Hacker man using laptop and computer with Bitcoin green binary graphic and cryptocurrency candlestick graph price on monitor screen. Cyber crime digital currency laundering concept
Last month, Iranian crypto giant Nobitex fell victim to a cyberattack of unprecedented scale. While most headlines focused on the USD $90 million drained from its hot wallets, the true story is far more intricate—and politically charged. According to a new analysis from TRM Labs, the breach, attributed to the hacktivist group Predatory Sparrow, reveals a blueprint for how a cryptocurrency exchange in a sanctioned state can operate with global reach, regulatory defiance, and military-grade obfuscation.
“This is not just a postmortem on a hack—it is a forensic map of an exchange designed to operate in defiance of sanctions, surveillance, and regulatory oversight,” TRM Labs emphasized in its report.

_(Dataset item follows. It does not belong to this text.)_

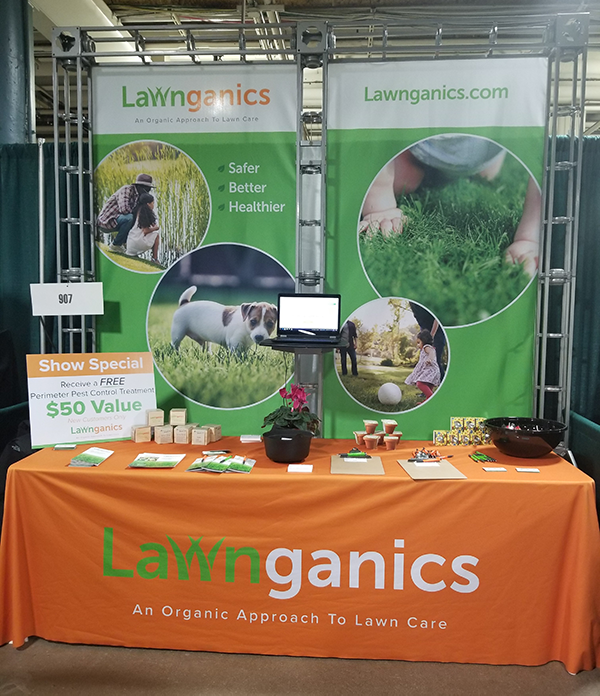 Lawnganics Home & Garden Show Booth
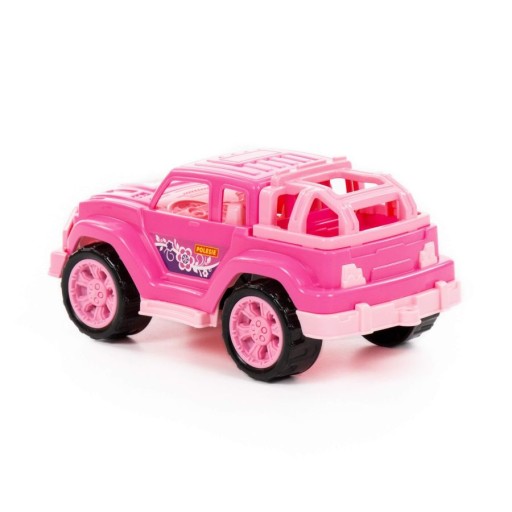 JEEP RUŽOVÝ TERÉNNY NÁKLADNÉ NÁKLADNÉ DIEVČATKO TERÉNNE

The initial strike looked like a financial raid. Nearly $90 million was drained from Nobitex’s hot wallets and funneled into crypto addresses etched with anti-regime slogans—signaling a motive beyond mere profit. But the attackers didn’t stop there.

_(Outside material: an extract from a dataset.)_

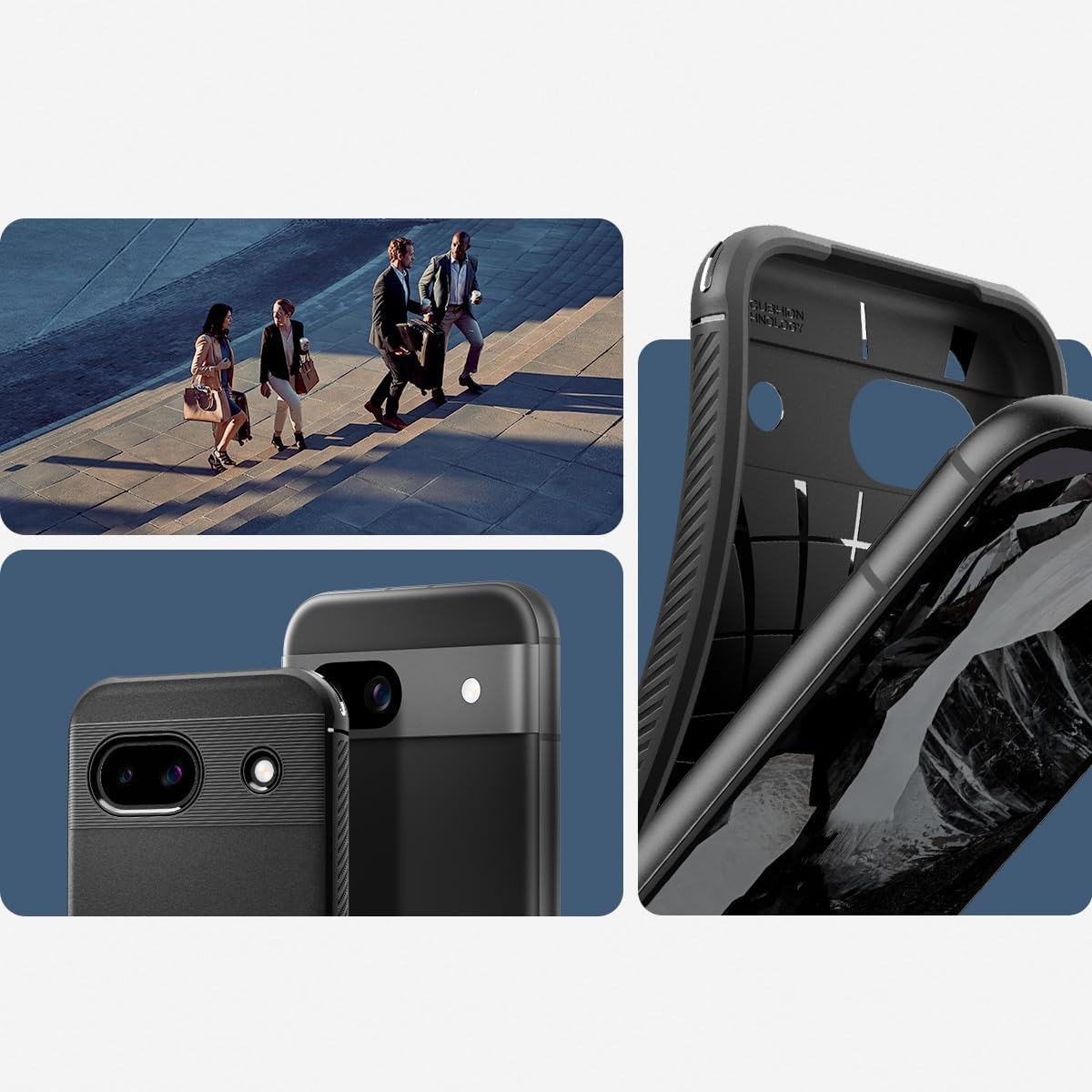 Etui pancerne Spigen Rugged Armor do Google Pixel 8A, czarne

Just 48 hours later, Nobitex’s entire source code, internal privacy R&D, and infrastructure documentation were leaked online. This included architectural diagrams, custom wallet systems, privileged user logic, and even API keys hard-coded into the exchange’s systems.
TRM Labs’ review paints Nobitex not as a mere marketplace, but as an intricately engineered financial bridge between Iran’s sanctioned economy and the global crypto ecosystem.
The leaked source code exposed a layered wallet architecture with discrete modules for cold and hot wallets. Servers like coldui.nxbo.ir and wallet.nobitex1.ir managed transaction lifecycles and introduced parameters like LOAD_LEVEL for dynamic routing.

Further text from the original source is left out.